▶ **ACTION ITEM**
Exclude the pictures and set down, unaltered, the lines from the one that holds "I really hope" through the end of the data.

▶ **MATERIAL PROVIDED**
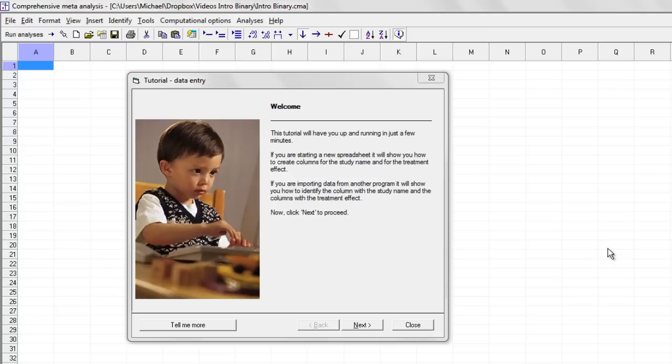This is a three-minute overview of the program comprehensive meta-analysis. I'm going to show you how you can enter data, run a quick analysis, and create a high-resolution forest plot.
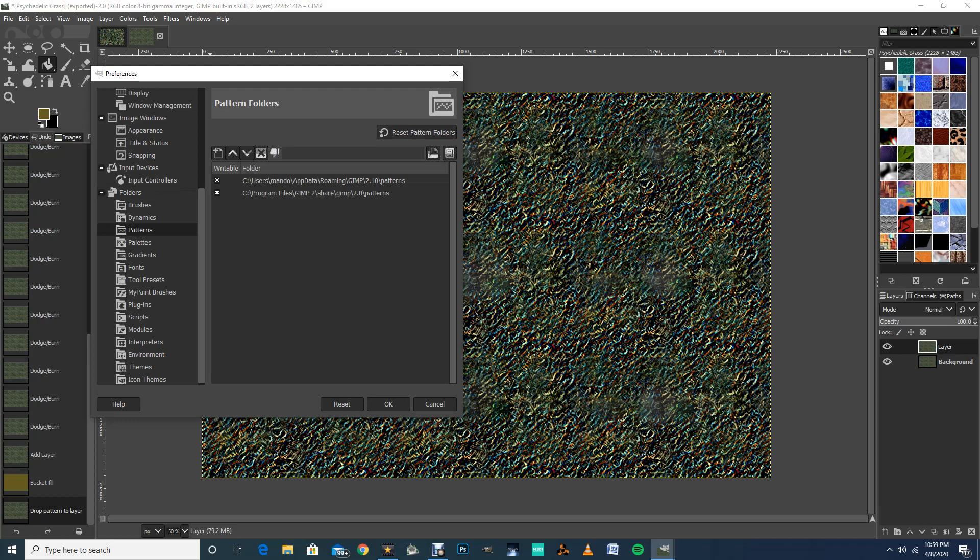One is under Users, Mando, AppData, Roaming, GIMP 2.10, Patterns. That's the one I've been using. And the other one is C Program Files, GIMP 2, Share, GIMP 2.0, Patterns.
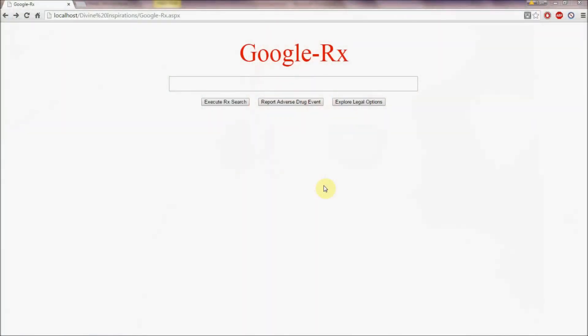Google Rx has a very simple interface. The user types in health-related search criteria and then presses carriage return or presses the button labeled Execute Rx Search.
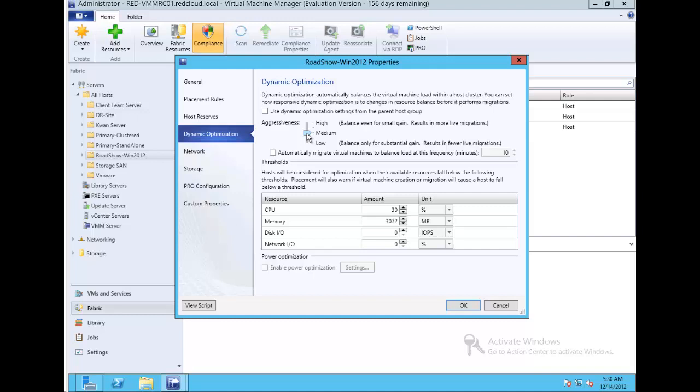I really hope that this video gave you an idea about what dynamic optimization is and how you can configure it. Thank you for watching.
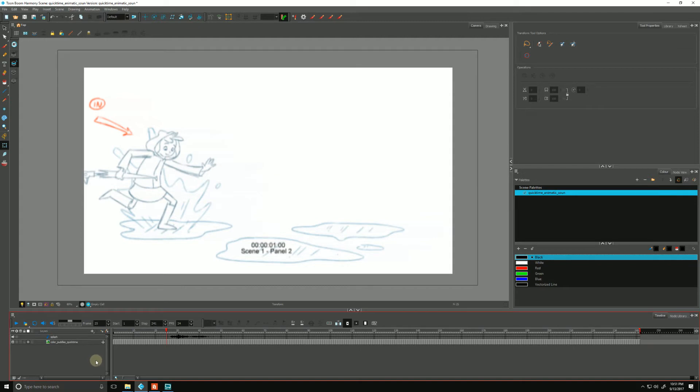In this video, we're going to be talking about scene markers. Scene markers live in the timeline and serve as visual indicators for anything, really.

▶ **ANSWER SPACE**
I really hope that this video gave you an idea about what dynamic optimization is and how you can configure it. Thank you for watching.
In this video, we're going to be talking about scene markers. Scene markers live in the timeline and serve as visual indicators for anything, really.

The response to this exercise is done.